Task statement
The full set of lines below has to be duplicated exactly, with no picture kept.

##### Data block #####

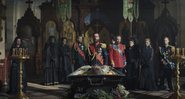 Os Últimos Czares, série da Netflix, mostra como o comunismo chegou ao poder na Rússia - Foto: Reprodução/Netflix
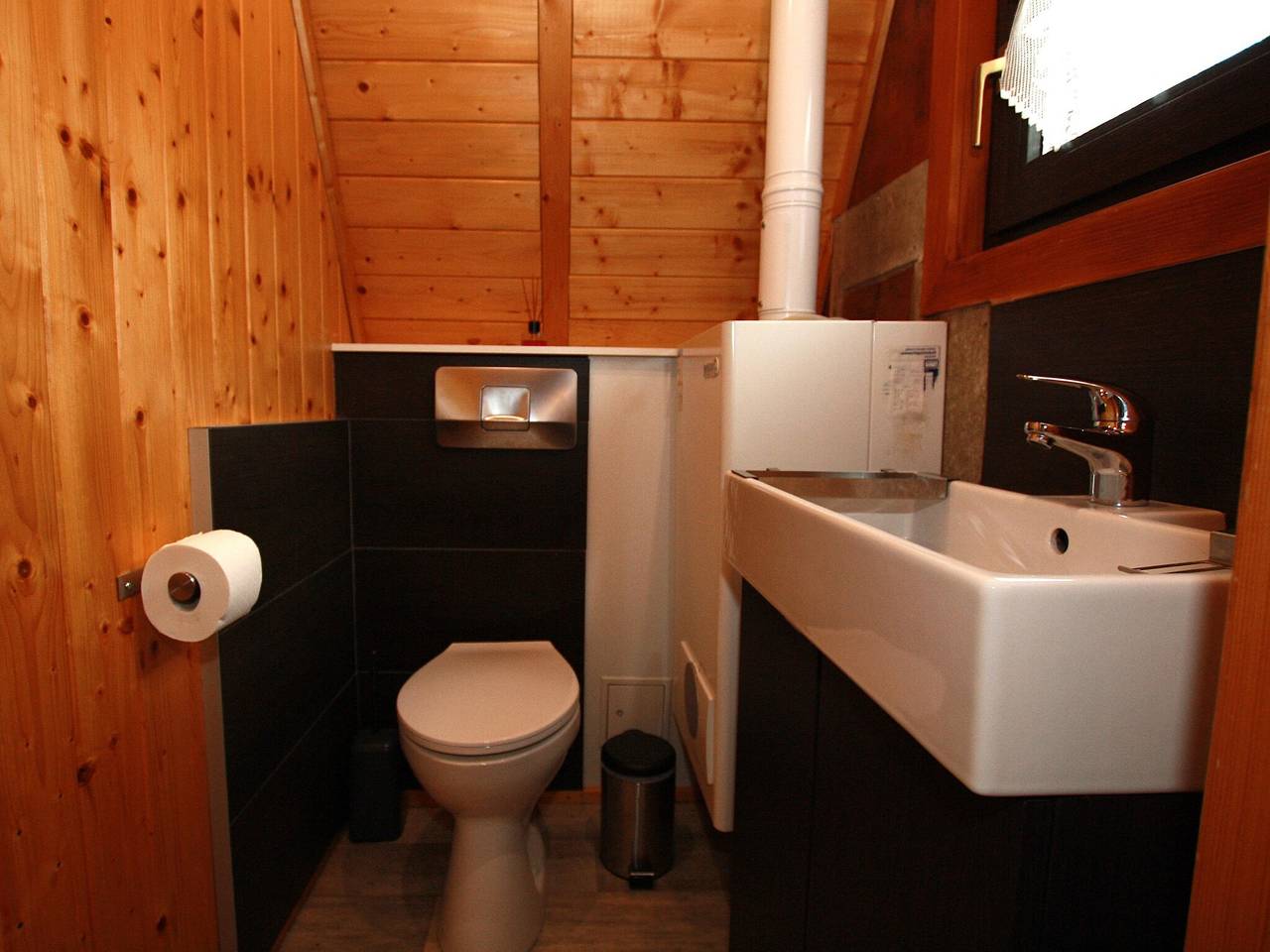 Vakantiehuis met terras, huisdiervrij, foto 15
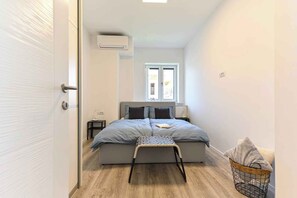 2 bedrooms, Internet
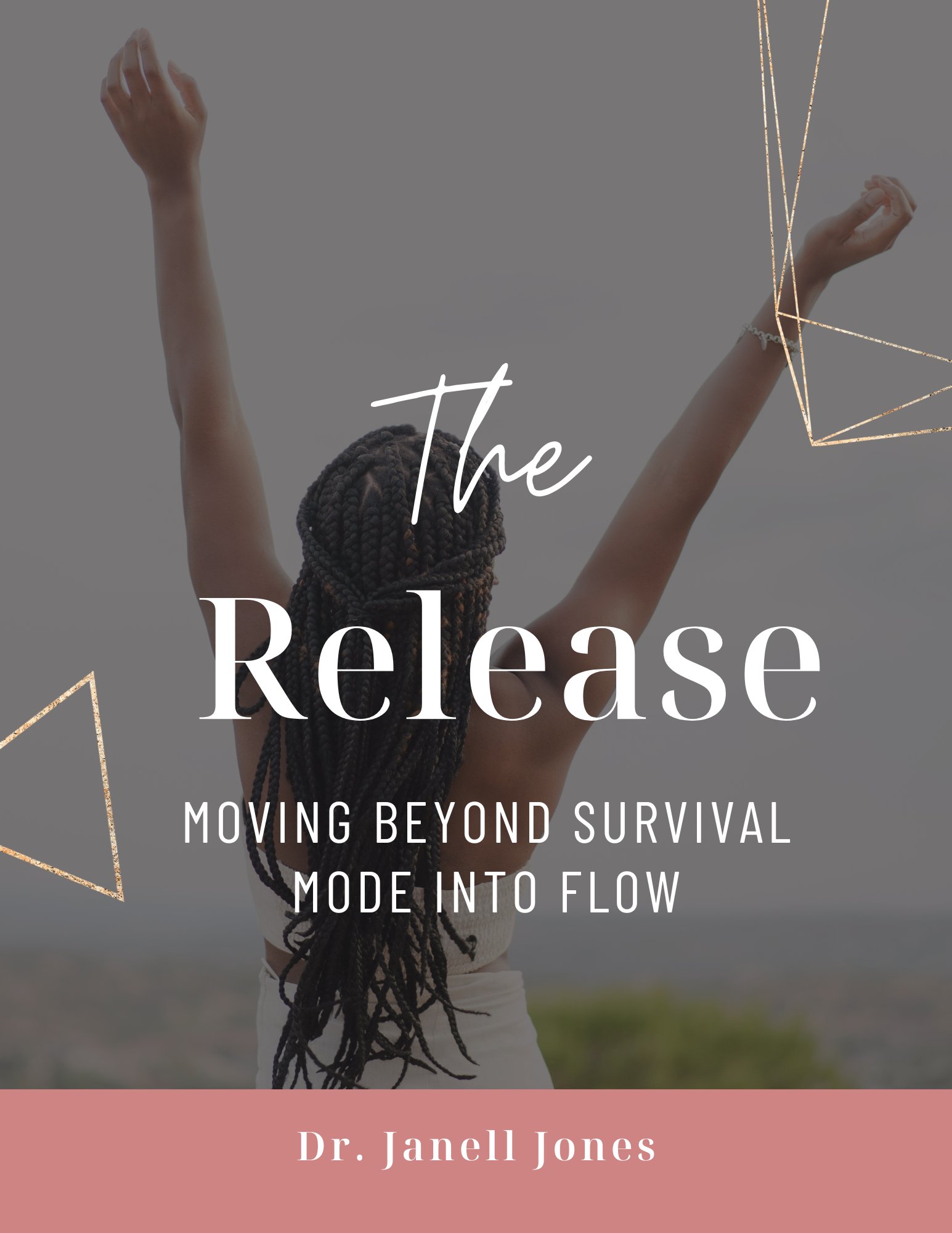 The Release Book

#####

Solution
 Os Últimos Czares, série da Netflix, mostra como o comunismo chegou ao poder na Rússia - Foto: Reprodução/Netflix
 Vakantiehuis met terras, huisdiervrij, foto 15
 2 bedrooms, Internet
 The Release Book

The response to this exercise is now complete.